I know someone who seems to be stuck on couples, like as a target of annoyance and all that's wrong with the world, but I'm not sure she even realizes this. The other friend who noticed says my bugaboo is millennials but that's not really fair because I'm well aware of my bias, or rather, the ease with which I get miffed at my generation's blip and demise. I'm not delusional. I was thankful, though, to start seeing the mention of Generation Z. Oh, yes, their day is coming.
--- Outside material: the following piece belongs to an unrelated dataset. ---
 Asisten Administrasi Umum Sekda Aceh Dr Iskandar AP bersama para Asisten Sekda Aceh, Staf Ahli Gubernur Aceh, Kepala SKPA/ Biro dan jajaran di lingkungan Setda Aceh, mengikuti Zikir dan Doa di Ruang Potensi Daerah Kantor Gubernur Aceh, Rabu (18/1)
The NYC Popfest was this weekend and attracts a curious mix of old-school twee-sters of the K Records, Slumberland persuasion as well as second-gen (or is it third-gen? This was discussed) fans who came to this scene via bands like Pains of Being Pure At Heart. Sunday, there was an informal show at a performance space/semi-backyard in Ridgewood, near the Bushwick border which is the most millennial-baity neighborhood of all. I was looking for trends.
And I got them, mostly summarized in this one photo. Sorry to be all People of Walmart, but this is important.
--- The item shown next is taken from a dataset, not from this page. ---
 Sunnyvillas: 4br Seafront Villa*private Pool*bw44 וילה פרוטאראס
1. What I'm calling the doodle tattoo. Lots of kids have this style where it looks like you let your friends scribble funny pictures on you one night with a ballpoint pen, kind of like that hoax Korean passport thing, and then it's decided the ink should be permanent. This is a minor example (I don't even know what it is); another young woman had messy line drawings all over her calves and the exposed parts of her sides I could see through the cut out arm holes in her t-shirt.
2. Doc Martens, duh. I can't do this, but two of friends that were with me, mid-30s, early-40s were both wearing a pair, one purple standard, one black and sparkly. But these were low-top with thick folded over socks, which is a '90s spirit I will never be able to get behind. Leggings, ok, even some acid wash, tights under shorts, but rolled-down socks? Never.
3. Ok, this is what I was most fascinated by. The children are our future and I truly believe that they will get back on board with pubic hair. I'm sure it's already infiltrated the hipper circles, and then it'll trickle down. I can't see strangers' pubes, BUT this girl had hairy legs, which kind of blew my mind. This wasn't a hippie.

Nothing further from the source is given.